Output the records exactly, and drop each picture.

Data listing:
↓
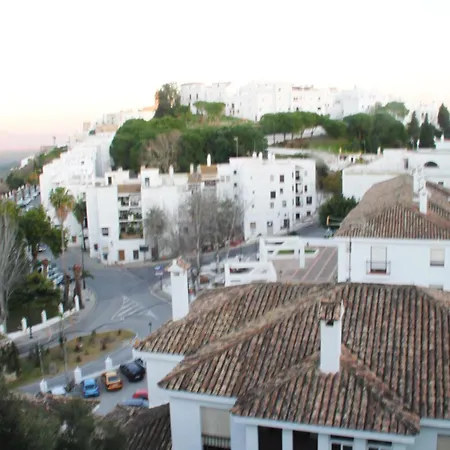 El Mirador Vejer de la Frontera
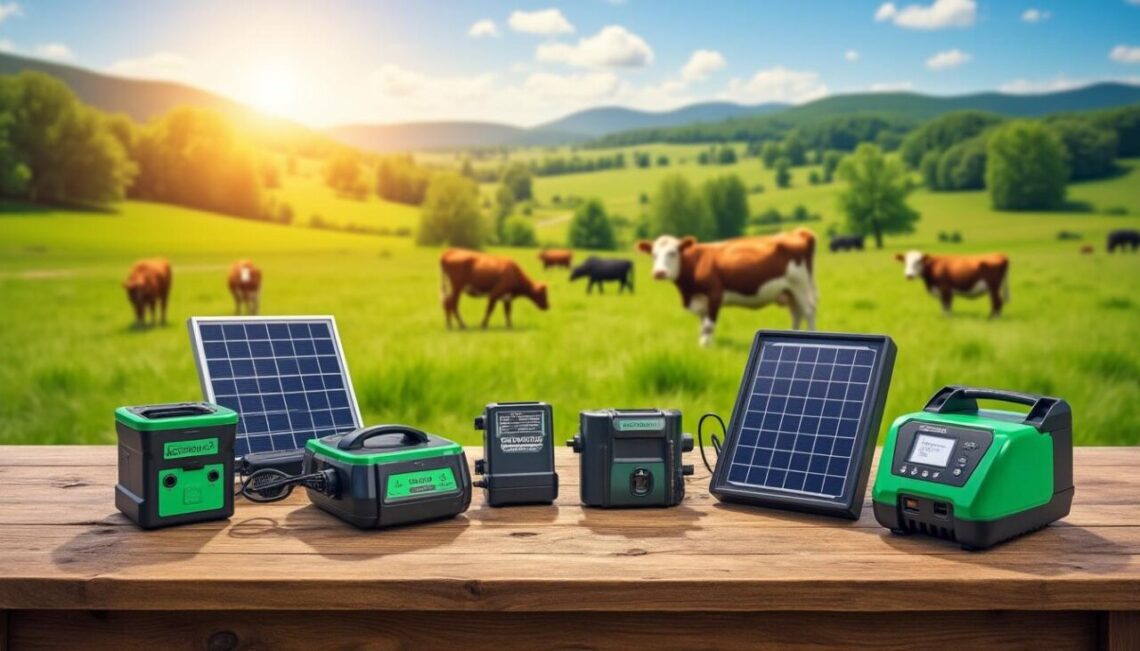 découvrez comment sélectionner l'électrificateur de clôture idéal pour vos besoins. ce guide vous aide à évaluer les critères essentiels tels que la puissance, le type d'alimentation et les spécificités de votre terrain afin de garantir la sécurité de vos animaux et l'efficacité de votre clôture.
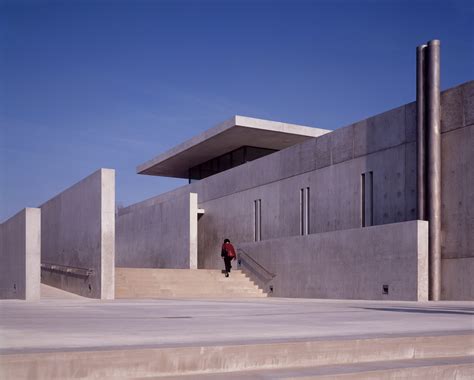 Invisible Invisible House Tadao Ando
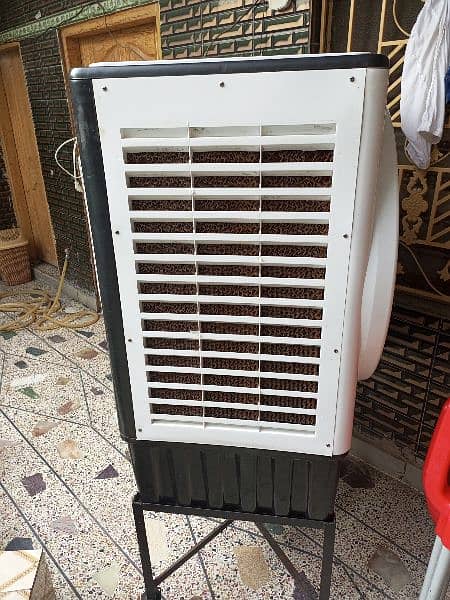 Air Cooler with stand 0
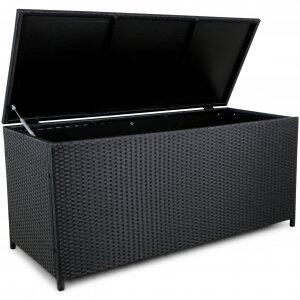 Nice dynbox svart konstrotting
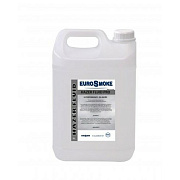 Жидкость для генераторов тумана компрессионного типа EUROSMOKE PRO HAZER Oil based 5л Жидкость для генераторов тумана компрессионного типа EUROSMOKE PRO HAZER Oil based 5л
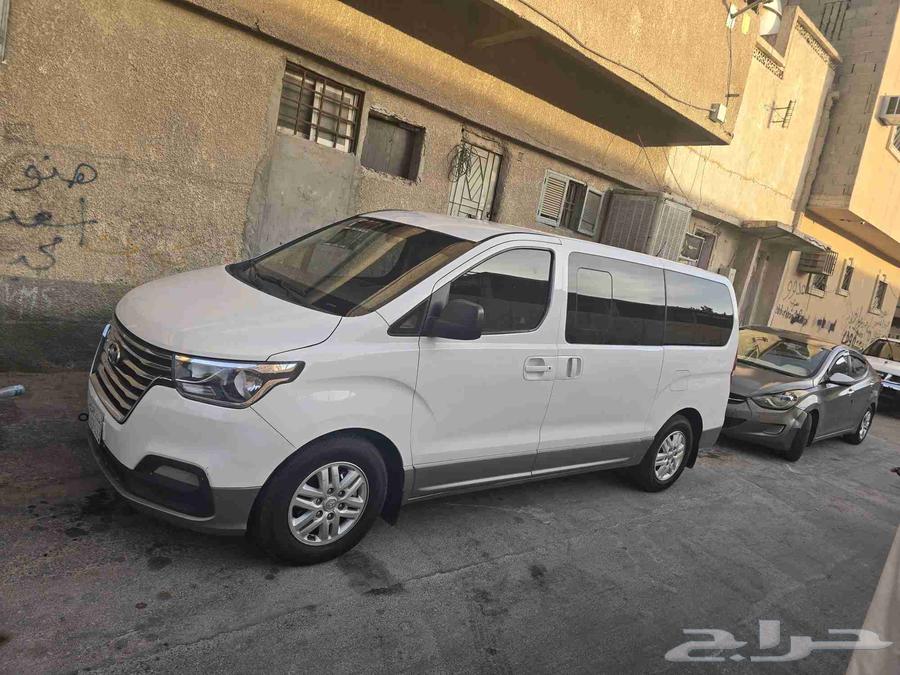 للايجار H1 هونداي64204890949379114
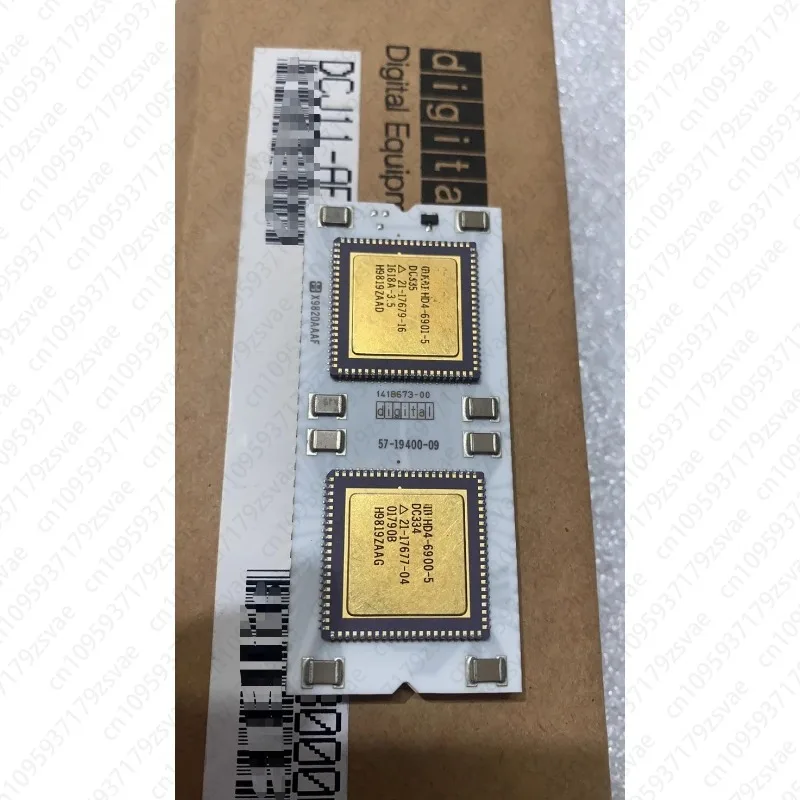 Digital DCJ11-AE CPU 57-19400-09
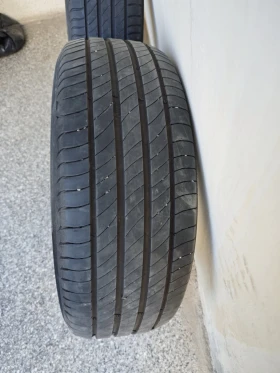 Гуми Летни 215/60R16, снимка 11 - Гуми и джанти - 49026730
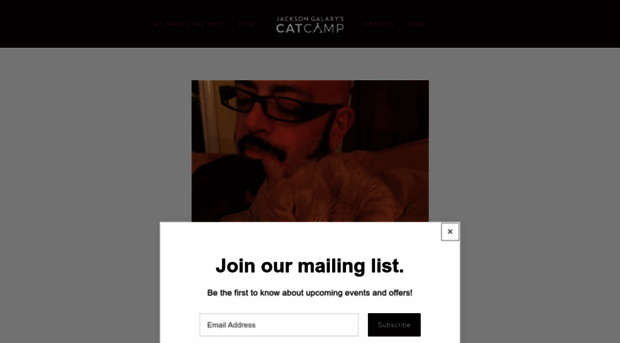 catcamp.com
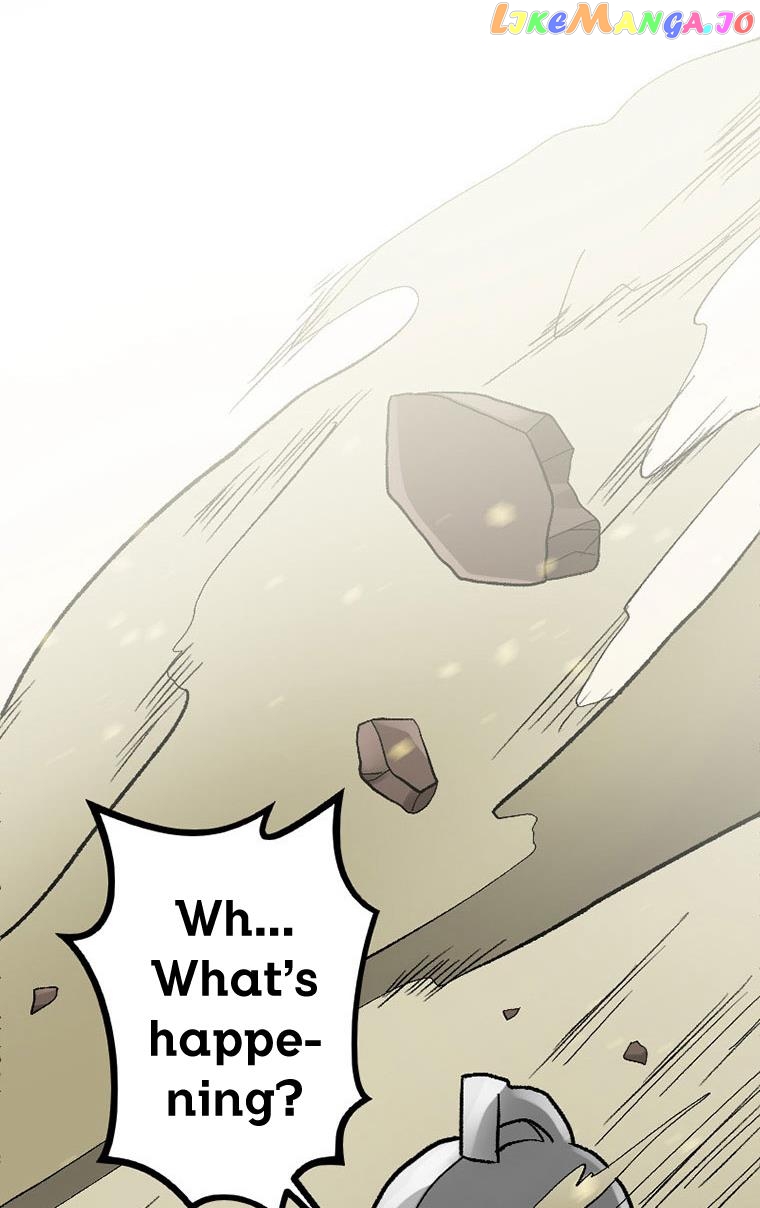 Gokkan No Rita ~ Ohsama Sentai King-Ohger Chapter 9 - page 8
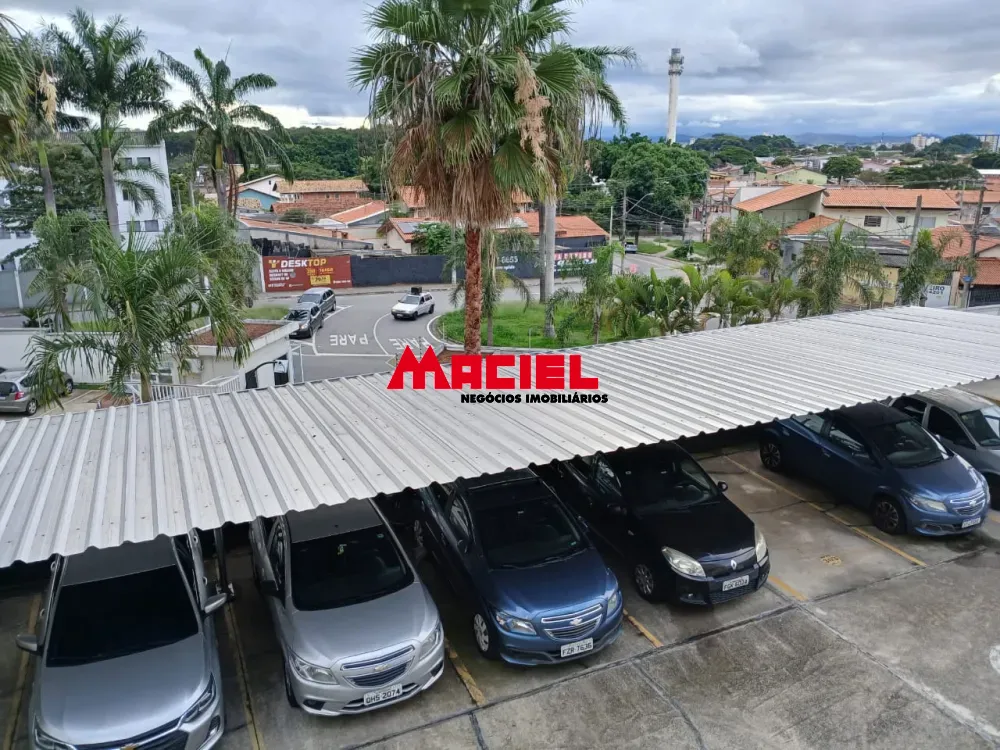 Alugar Apartamento / Padr&atilde;o em S&atilde;o Jos&eacute; dos Campos R$ 2.100,00 - Foto 37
↑
Answer:
 El Mirador Vejer de la Frontera
 découvrez comment sélectionner l'électrificateur de clôture idéal pour vos besoins. ce guide vous aide à évaluer les critères essentiels tels que la puissance, le type d'alimentation et les spécificités de votre terrain afin de garantir la sécurité de vos animaux et l'efficacité de votre clôture.
 Invisible Invisible House Tadao Ando
 Air Cooler with stand 0
 Nice dynbox svart konstrotting
 Жидкость для генераторов тумана компрессионного типа EUROSMOKE PRO HAZER Oil based 5л Жидкость для генераторов тумана компрессионного типа EUROSMOKE PRO HAZER Oil based 5л
 للايجار H1 هونداي64204890949379114
 Digital DCJ11-AE CPU 57-19400-09
 Гуми Летни 215/60R16, снимка 11 - Гуми и джанти - 49026730
 catcamp.com
 Gokkan No Rita ~ Ohsama Sentai King-Ohger Chapter 9 - page 8
 Alugar Apartamento / Padr&atilde;o em S&atilde;o Jos&eacute; dos Campos R$ 2.100,00 - Foto 37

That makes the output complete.